I remember that I gave you at least two references on the comparison of emissions of motorcycles and cars. You still have not shown me anything, any study or whatever (based on science) that would contradict my position. I guess you would rather base your conclusions on total number of people who use motorcycles.

Well guess what sir, millions of people also smoke. Are those millions of people wrong? Based on your logic, those millions can't be wrong. Do they know something you don't?

I understand that you are quite frustrated about the fuel situation. Who isn't? I am just expressing my opinion that motorcycles may not be the way to go. And since you are asking what alternative I may have (no it's not an energy summit), how about tax breaks on vehicles converting to LPG or LNG?

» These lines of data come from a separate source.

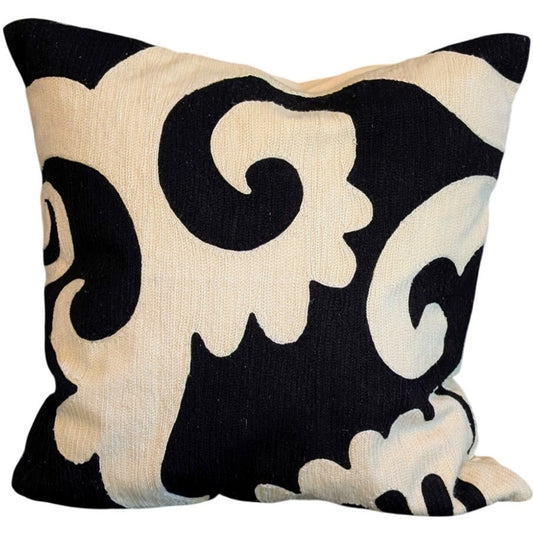 POTTERY BARN Black White Crewel 20X20 Cotton Down Fill Insert Decorative Pillow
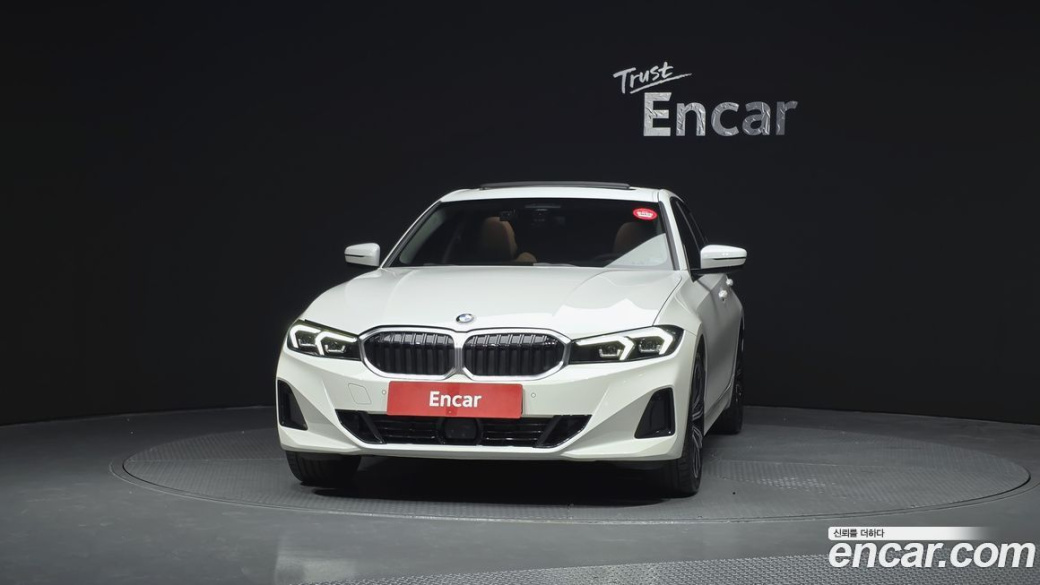 BMW 3-Series 320i, 2025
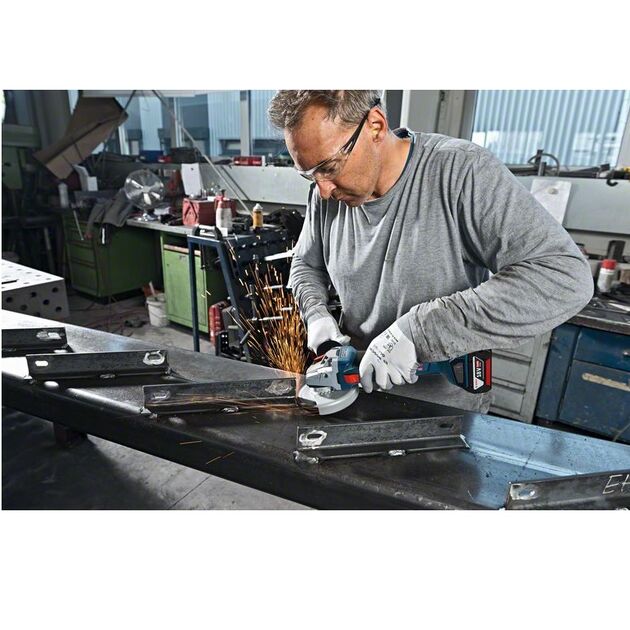 BOSCH Аккумуляторная угловая шлифовальная машина, “болгарка“, фото , изображение 4 | SNABZHENIE.com.ua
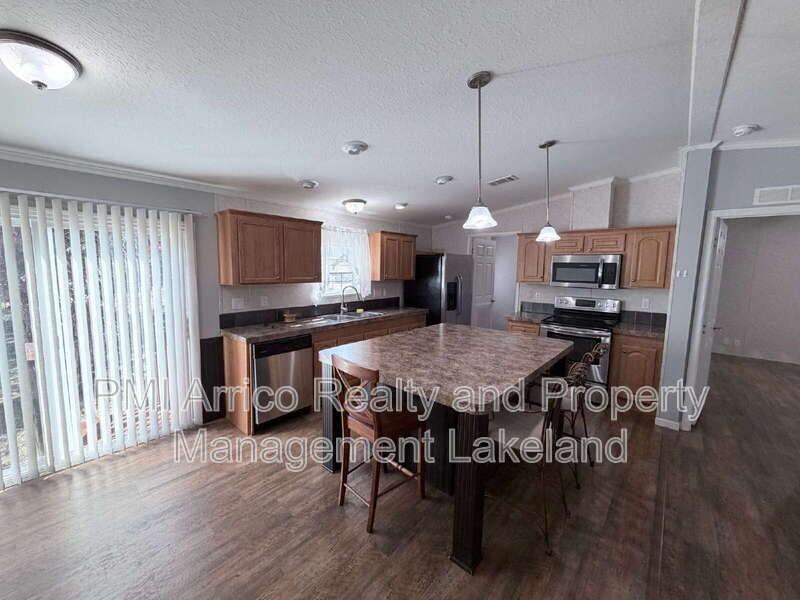 2974 Hickory Rd - Photo 4 of 18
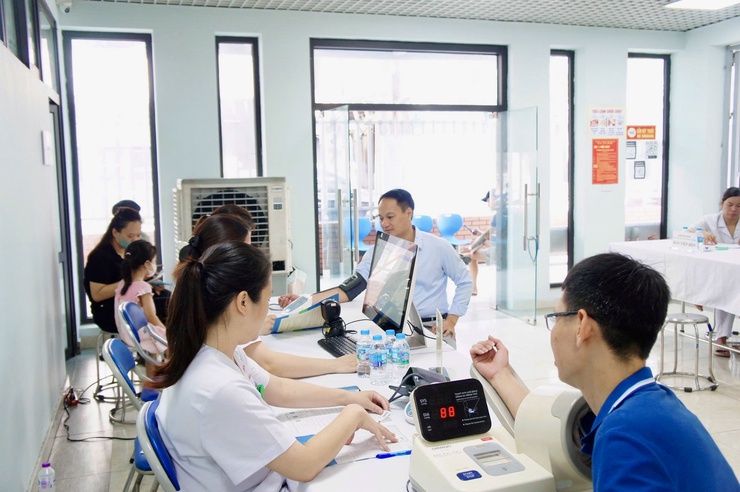 Phường Phú Thượng tổ chức khám sức khỏe định kỳ cho cán bộ, công chức, viên chức và người lao động năm 2026- Ảnh 10.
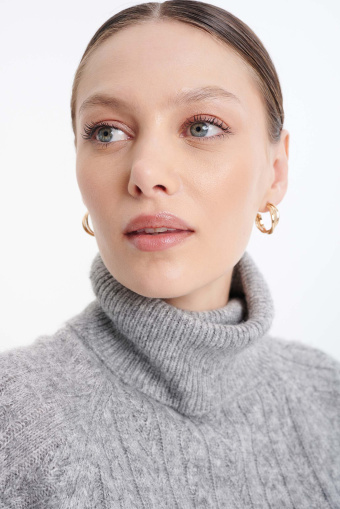 Dzianinowy golf z dekoracyjnymi warkoczami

A liter of LPG is about 30% lower to half the price of gasoline, the engine life improves due to cleaner burning, and emissions are also better. And depending on the amount of the tax break and how far you drive, you can recover the cost of the conversion in maybe 18 months.

In any case, please don't mind me. If you want to have your motorcycle, knock yourself out! I'm just saying that warming up one motorcyle may be equivalent to having ten cars all running at the same time in your garage (regardless of whether emissions are visible or not and that is based on SCIENCE). But hey, that's just me.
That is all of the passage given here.